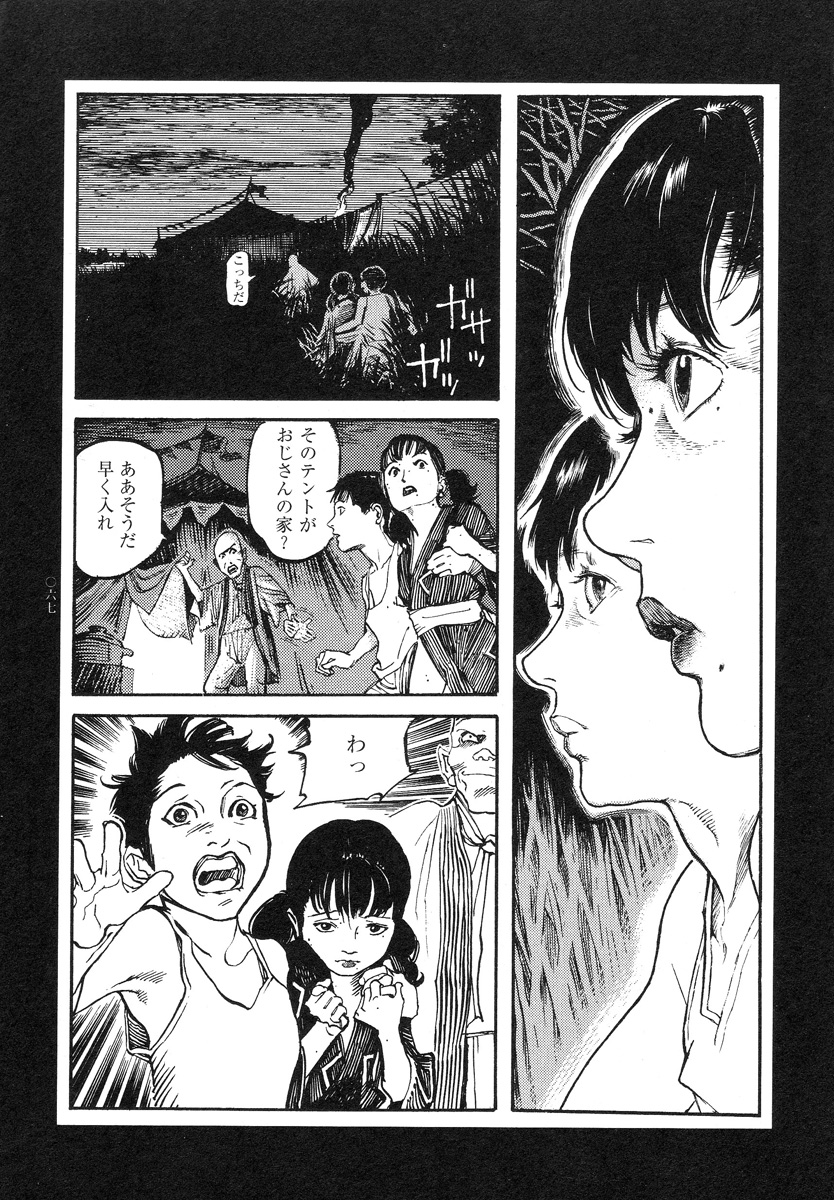 【大越幸太郎】結合双生児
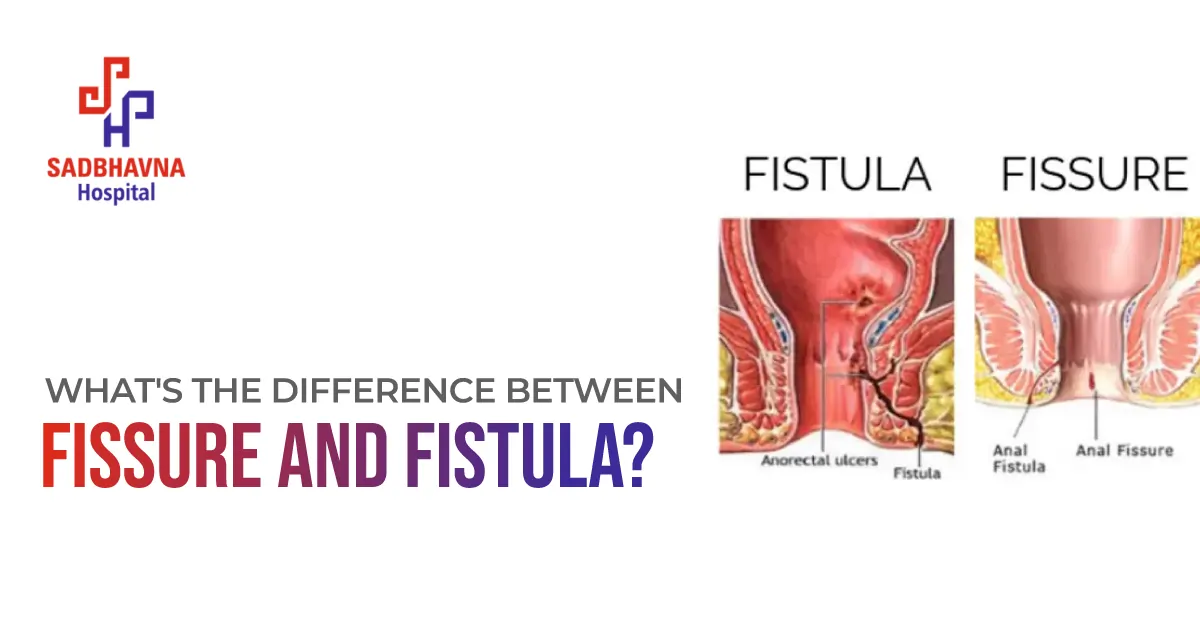 Difference Between a Fissure and Fistula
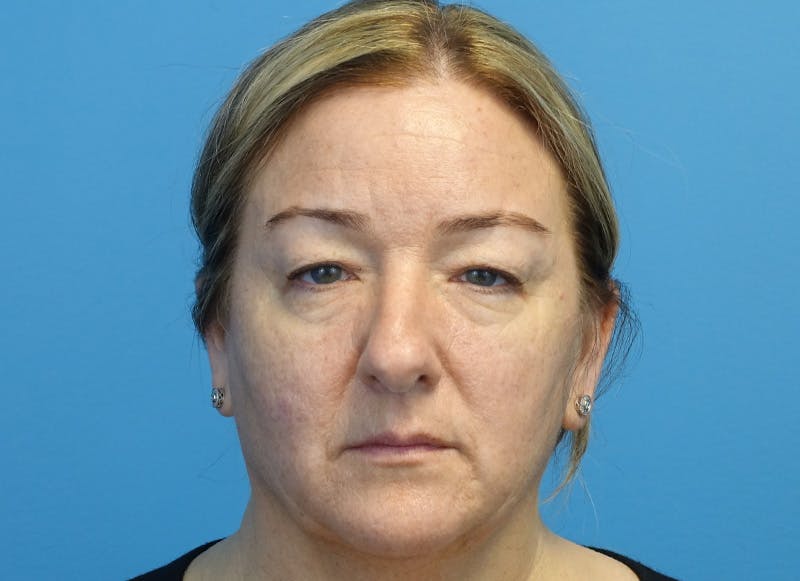 Blepharoplasty Before & After Gallery - Patient 336807 - Image 1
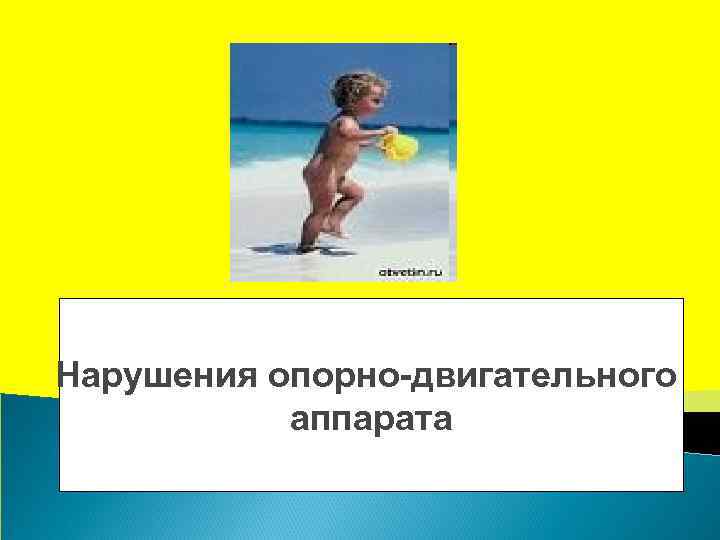 Нарушения опорно-двигательного аппарата 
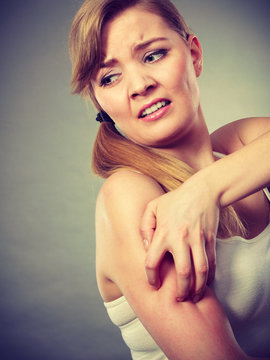 woman scratching her itchy arm with allergy rash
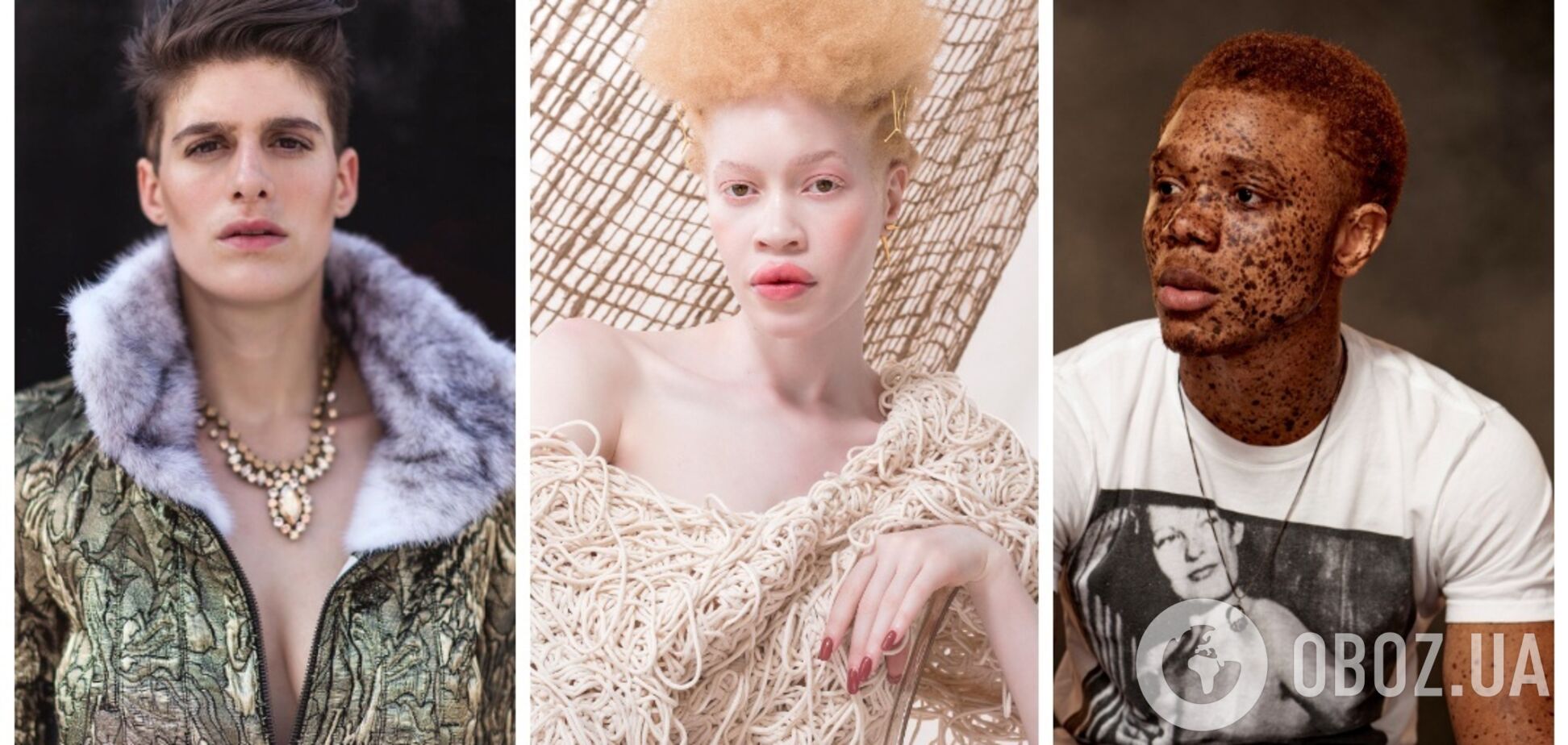 5 моделей, которые бросили вызов стандартам красоты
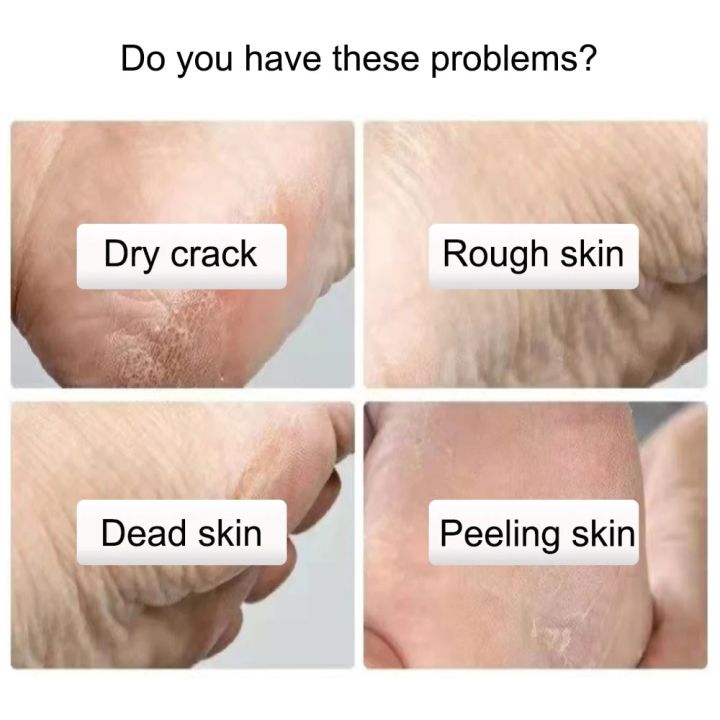 Exfoliating%20Foot%20Peeling%20Mask1%20Pair/2PCS%20Pedicure%20Socks%20Scrub%20For%20Repair%20Dead%20Skin%20Remove%20Peel%20Off%20Care%20Korean%20Cosmetic%2040Ml%20-%20Image%202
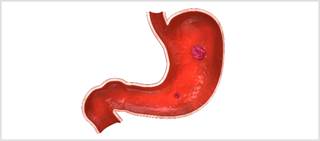 Fifty-five trials involving peptic ulcer treatment in H. pylori-positive adults were selected for review Fifty-five trials involving peptic ulcer treatment in H. pylori-positive adults were selected for review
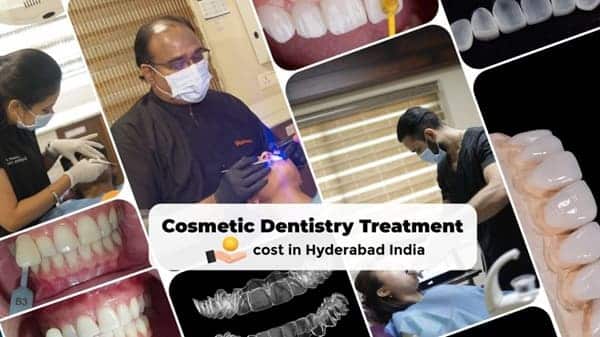 Cosmetic Dentistry Treatment Cost in Hyderabad, India – FMS Dental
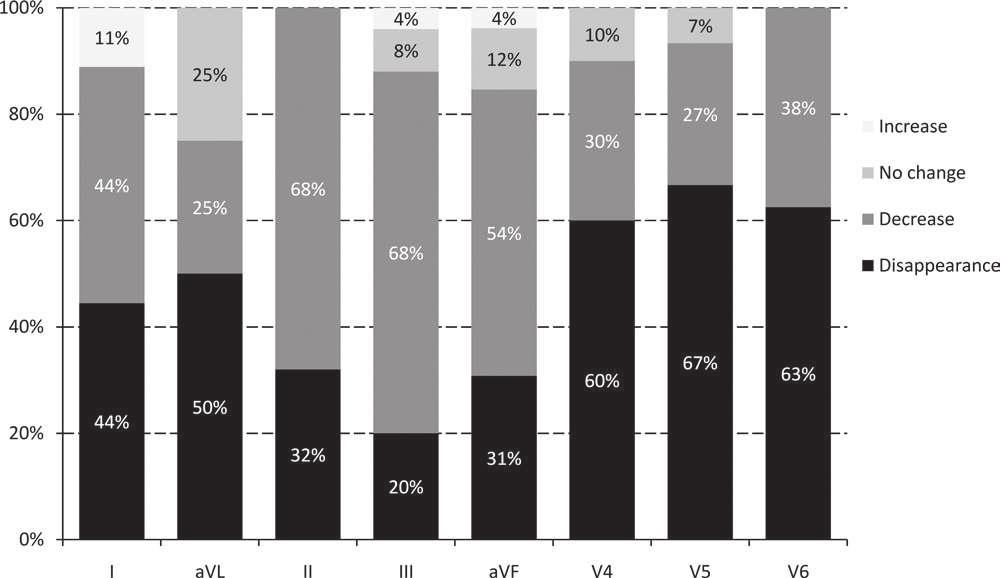 ajmaline challenge, the rate of complete disappearance of J waves varied according to regions: 28% in the inferior leads (II, III, and avf), 46% in the high lateral leads (I and avl), and 63% in the
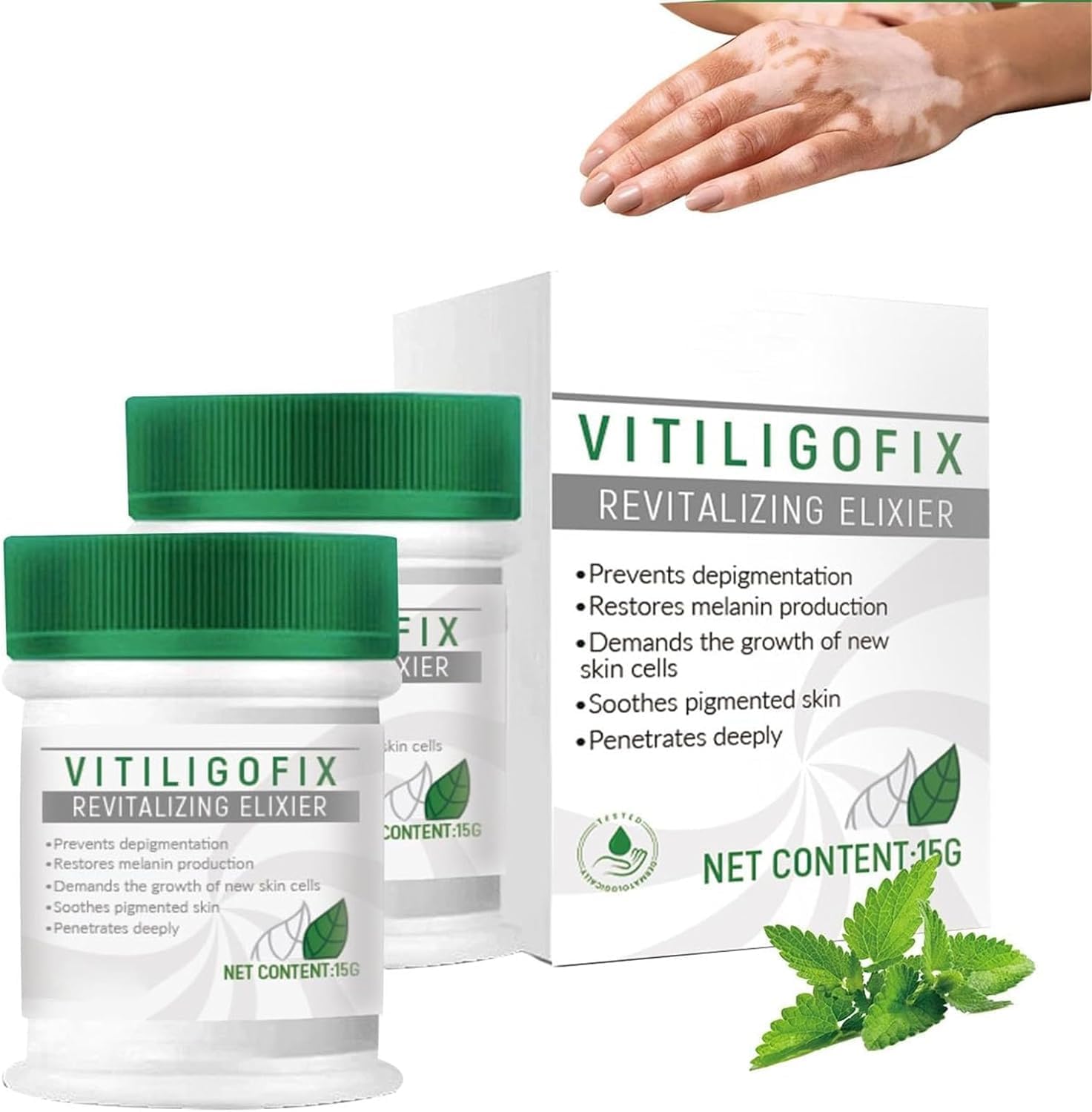 Heyangz 2Ps Vitiligo Treatment Recoloring Cream, Vitiligo Repair Revitalizing Essence, White Spot Removal Moisturizer, Reduce Vitiligo, Improve Skin Pigmentation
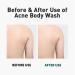 Dashu Daily Acne Relax Body Wash 16.9fl oz - Cooling Acne Treatment - Buy Online on SooperMarket.com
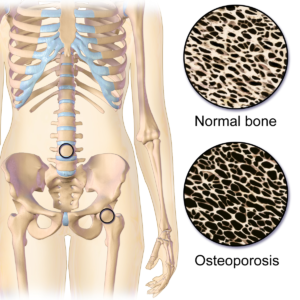 Locations of Osteoporosis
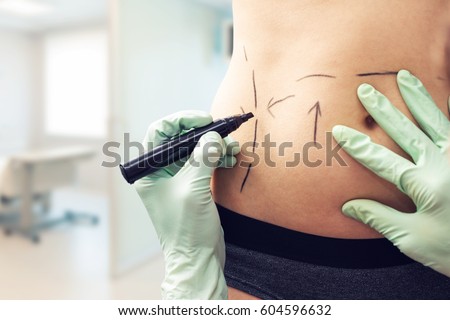 plastic surgeon marking womans body for surgery Royalty-Free Stock Photo #604596632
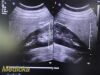 PHILIPS C5-2 Curved Array Ultrasound Transducer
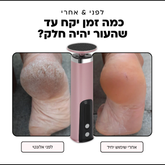 Alonty ערכת פדיקור חשמלית אלחוטית: רגליים חלקות, טיפוח מושלם בבית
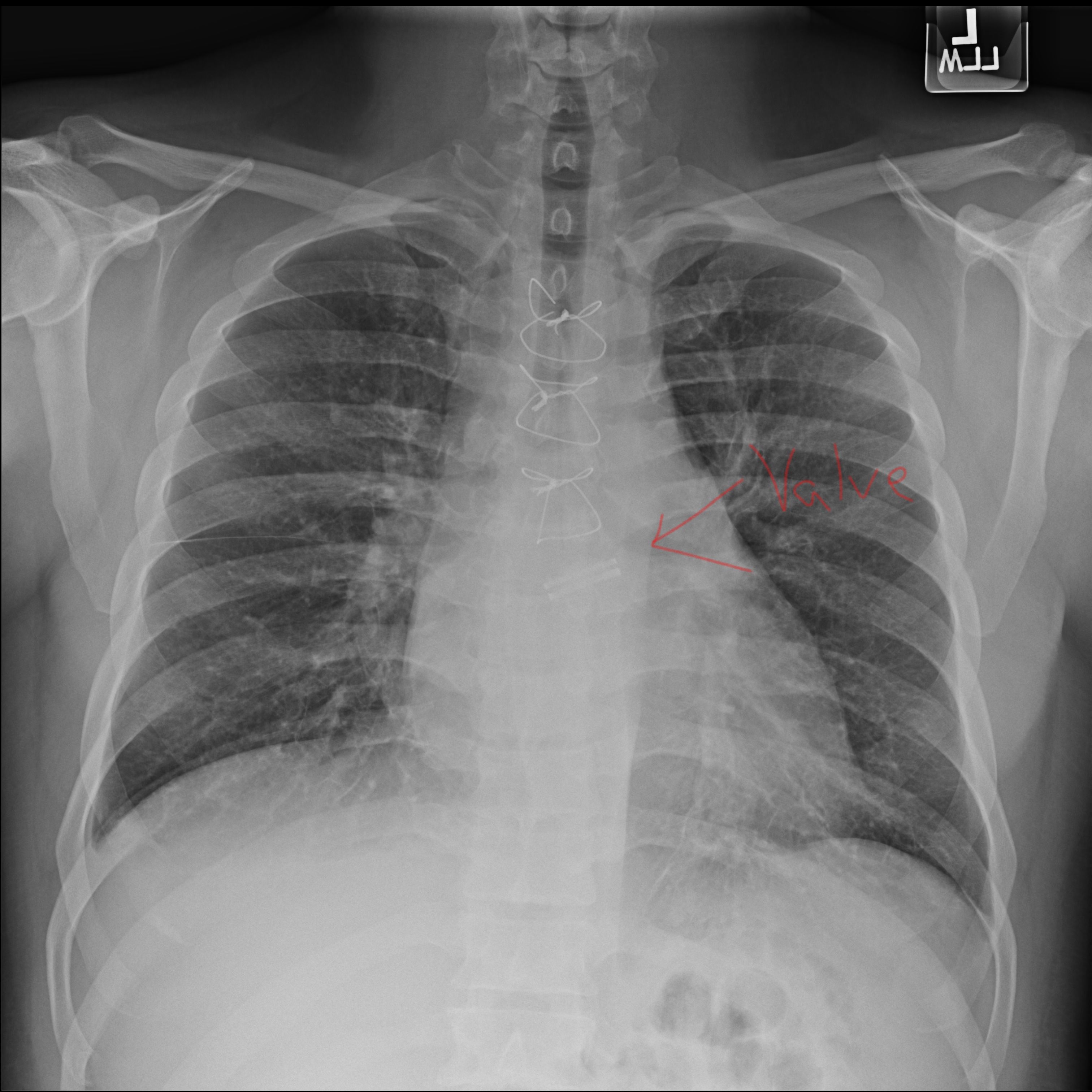 After seeing Lisa's post of the sternum wires I had to check mine out too!! haha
########################################
YOUR OBJECTIVE:
Starting from the line containing "Dashu Daily Acne", repeat each line exactly through the end of the entries, including the last, while leaving pictures out.

RESULT BELOW:
 Dashu Daily Acne Relax Body Wash 16.9fl oz - Cooling Acne Treatment - Buy Online on SooperMarket.com
 Locations of Osteoporosis
 plastic surgeon marking womans body for surgery Royalty-Free Stock Photo #604596632
 PHILIPS C5-2 Curved Array Ultrasound Transducer
 Alonty ערכת פדיקור חשמלית אלחוטית: רגליים חלקות, טיפוח מושלם בבית
 After seeing Lisa's post of the sternum wires I had to check mine out too!! haha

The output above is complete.